Im Zusammenhang mit dem Vertragsverletzungsverfahren der EU-Kommission gegen Deutschland plant das Bundeswirtschaftsministerium noch im Jahr 2022 die Streichung des § 3 Abs. 7 der Vergabeverordnung vorzubereiten. Nach Ansicht der EU-Kommission verstößt das aktuelle Regelwerk gegen europäisches Vergaberecht. Die geforderte Abschaffung würden dazu führen, dass unterschiedliche Planungsleistungen, etwa die Objektplanung für einen Kindergarten, gemeinsam mit der Ausführungsplanung für die jeweilige Auftragswertberechnung zu addieren sind. Dadurch würde in der Regel auch bei solchen Bauvorhaben der Schwellenwert überschritten und sie müssten europaweit ausgeschrieben werden. Dies hätte weitreichende Konsequenzen für die klein- und mittelständischen Strukturen der planenden Berufe sowie die öffentlichen Auftraggeber.

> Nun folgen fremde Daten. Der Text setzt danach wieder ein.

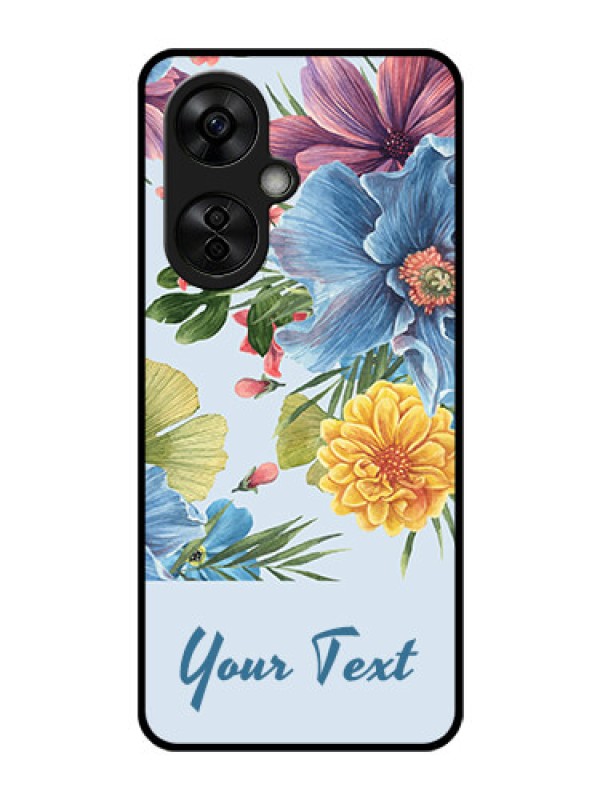 Custom OnePlus Nord CE 3 Lite 5G Custom Glass Mobile Case - Stunning Watercolored Flowers Painting Design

In einer gemeinsamen Resolution mit 18 weiteren Organisationen vom 14. Dezember 2002 weist die Bundesingenieurkammer erneut darauf hin:
Es zeichnet sich ab, dass sich die Bundesregierung dem Druck der Europäischen Kommission im laufenden Vertragsverletzungsverfahren zur Abschaffung des § 3 Abs. 7 Satz 2 VgV beugen wird. Diese Streichung hätte zur Folge, dass bereits Planungsleistungen aller Fachgebiete für Bauvorhaben mit Baukosten von rund einer Million Euro nach der Vergabeverordnung europaweit ausgeschrieben werden müssten. Dies führt zu einer deutlichen Mehrbelastung – auf Vergabe- und auf Auftragnehmerseite – und ist mit einem Mehr an Bürokratie samt Folgekosten verbunden.

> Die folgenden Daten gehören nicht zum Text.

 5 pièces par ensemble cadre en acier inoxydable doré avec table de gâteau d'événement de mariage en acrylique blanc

Solche kleineren Vorhaben richten sich an kleine und vor allem regionale Planungsbüros und entfalten keinerlei Binnenmarktrelevanz. Die Streichung hätte damit gravierende Folgen für die Struktur der Planungsbüros mit erheblichen negativen wirtschaftlichen Auswirkungen.
Die Bundesregierung wird daher aufgefordert, der unverhältnismäßigen Forderung der EU-Kommission nicht nachzugeben und wenn nötig die Klärung der Rechtsfrage durch den Europäischen Gerichtshof abzuwarten.
Die Landesregierungen werden aufgefordert, im Bundesrat einer möglichen Streichung des § 3 Abs. 7 Satz 2 VgV nicht zuzustimmen.
Bereits im Sommer 2022 hatte sich die Bundesingenieurkammer mit Appellen an Bundeswirtschaftsminister Dr. Habeck, Bundesbauministerin Geywitz und Verkehrsminister Dr. Wissing gewendet und auf die Folgen einer Streichung des § 3 Abs. 7 S. 2 VgV hingewiesen. Ein breites Bündnis aus Interessenvertretungen, Kammern und kommunaler Spitzenverbände unterstrich wiederholt die negativen wirtschaftlichen Auswirkungen insbesondere für die kleineren und mittleren Planungsstrukturen sowie für die öffentlichen Auftraggeber. Auch gegenüber Bundeskanzler Scholz adressierte Dr. Bökamp, Präsident der Bundesingenieurkammer, auf dem Wohnungsbaugipfel im Oktober 2022 das Thema.
Das Bundeswirtschaftsministerium ist sich der Auswirkungen bewusst, die eine Streichung von § 3 Abs. 7 S. 2 VgV hätte. Es beabsichtigt deshalb, mit flankierenden Maßnahmen einen Ausgleich für den Mittelstand zu schaffen.